The Sacred Day
the invasion of God into the ordinary day
Phillips: A history of divorce
Untying the Knot: A Short History of Divorce
Roderick Phillips
Chapter 1: Catholics and Protestants
Catholic position: Marriage a contact until death. Only two other exits, and these were very rare: Pauline Privilege – deserted by nonbeliving spouse – or join an order before marriage consummated.
Catholic Church allowed only separation or annulment, not divorce. “Impediments” to marriage include relationship up to the third cousin degree. Quarrelling spouses might check their pedigrees to get an annulment on that basis. But these requests were actually quite rare and were rarely granted (2% of requests granted).
Separations were granted only in cases of extreme cruelty. Ecclesiastical judges worked hard to reconcile; acted like marriage counselors rather than judges. Spouses had to remain sexually faithful to each other after separation. 0.02-0.05% of marriages ended in separation each year (3-6/12,000). Celibacy a state preferred to marriage by Church.
Roman law initially allowed divorce freely, but later developed a list of just causes. Some early Christian fathers allowed divorce against an adulterous wife, but with no chance to remarry. Augustine and others supported zero divorce and it was codified in 314, 416 and 673. Then other councils allowed remarriage after divorce (465 & 752) for adultery only. Penitence for 7-15 years was required though. However, things solidified and for 600-800 years, divorce was simply not allowed.
The Protestant reformation dismantled the prohibition against divorce as a reaction to Catholic excesses rather than a response to a new reading of Scripture. They didn’t like celibacy because the priesthood at the time was so full of fornication and lewdness. They put marriage in a celebrated position instead of celibacy.
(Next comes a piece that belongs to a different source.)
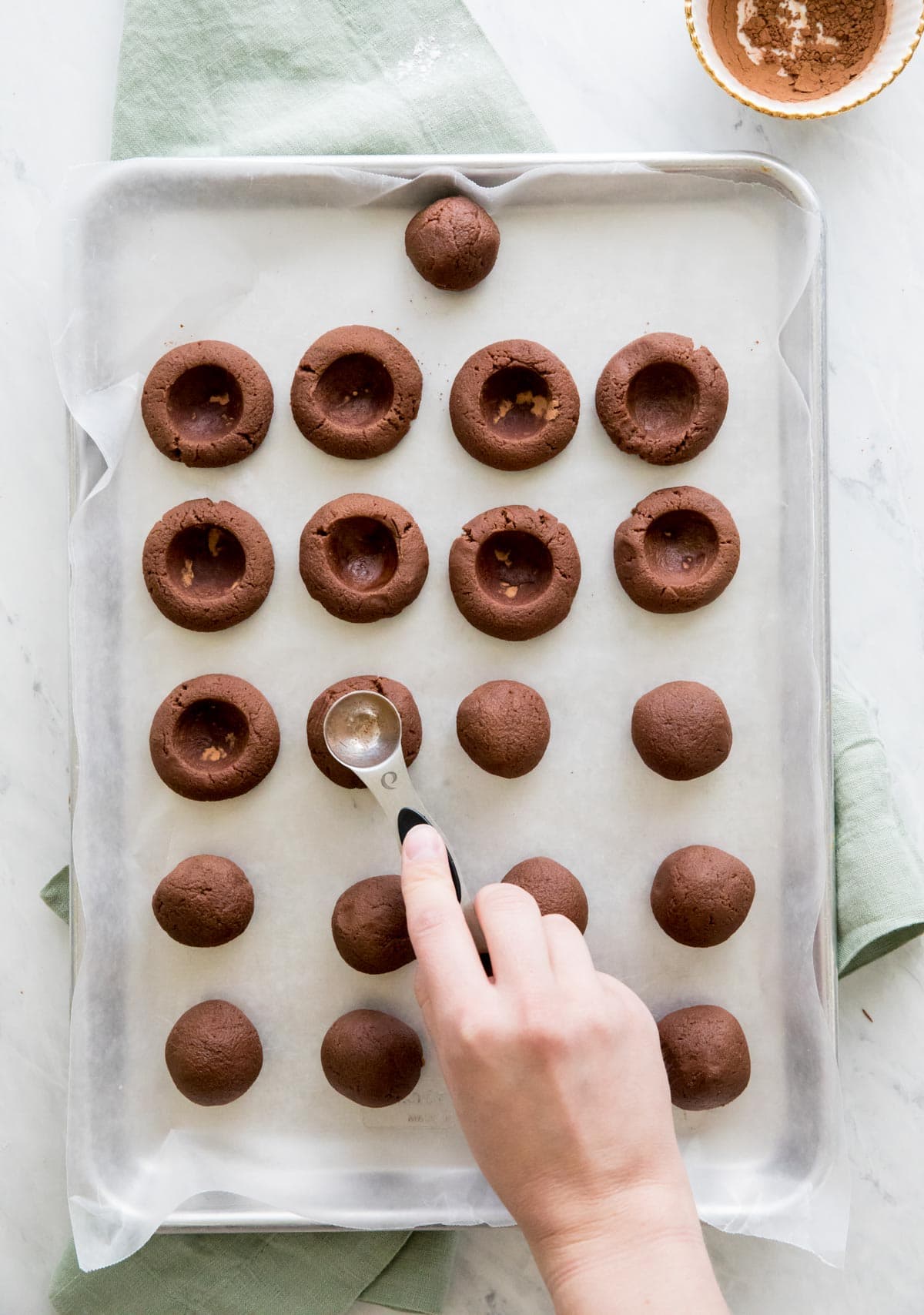 indenting chocolate cookies with a teaspoon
Luther allowed for divorce after adultery, desertion and impotence. He accepted adultery as a just cause from his reading of Mt. 19. He then tried to tie desertion to adultery, but realized, a year later, that this couldn’t be done, so he declared it a grounds for divorce independent on any specific scriptural basis. Impotence followed the Catholic position, which was based on the purpose of marriage being procreation.
Calvin agreed but dropped impotence. Neither accepted mutual incompatibility as a grounds, Calvin citing that an onerous marriage might be the penance we pay here on Earth for our sins.
Martin Bucer (Strausbourg) was the most liberal by far. He declared marriage to be benevolent, filled with love and having all duties being performed properly. If a marriage was not like this, then it wasn’t really a marriage and could be dissolved. He wanted to eliminate unhappy marriages.
In spite of all this, only one divorce per year was granted in Geneva in the 16th and early 17th centuries. Two reasons:
1) Strict laws against sexual misconduct, as a reaction against sexually deviant priesthood. Examples: death for adultery, imprisonment for fornication.
2) Reformers grew up in an era of marital indissolubility and retained an extreme reluctance to grant divorces.
Hutterites and Mennonites “tended to refer more closely to the biblical texts” and didn’t allow divorce except for Pauline Privilege, and then didn’t allow remarriage.
The Church of England permitted separation but stood apart and prohibited divorce.
Chapter 2: 17th Century England and its American colonies
In the 17th century, there was widespread conception in England and America that marriages were falling apart. Much concern for the family and many conduct books for families written.
Anti-divorce literature relied solely on scripture while pro-divorce literature used social theology, etc. Milton (pro-divorce, 1640) dismissed the anti-divorce literature as “resting on the mere element of the Text” while the pro-divorce literature “consult with charitie, the interpreter and guide to our faith”. My note: if they won’t take the Word as it is, a picture must be painted with different colors. That’s a shame, but that’s the reality of it, especially today.
American colonies attempted to liberalize divorce relative to England, especially in granting individual divorces by legislative action, but England curbed this. After the Revolution, American states allowed this more and also broadened the grounds for divorce beyond adultery to include cruelty, impotence and abandonment in some states. Still, the number of divorces was very small.
Chapter 3: Secularization
Between 1600 and 1800, western nations became increasingly secular and increasingly liberal in terms of divorce laws. Divorce courts comprised both secular and ecclesiastical judges or divorce was handled in sequence by ecclesiastical courts, and in last resort the case was taken to secular courts. Divorce counseling was the primary purpose of these courts, and it was messy and time consuming. The legislatures spent so much time over the “privileged” divorce cases that they finally created divorce legal protocols so they wouldn’t have to deal with individual divorces.
Luther identified marriage as “a worldly thing” and supported government responsibility for its regulation. [It’s nice to be anti-Catholic, if that’s your personal hobby, but to take the sacredness out of marriage just because the Catholics made it a sacrament and you don’t like Catholic-y things?]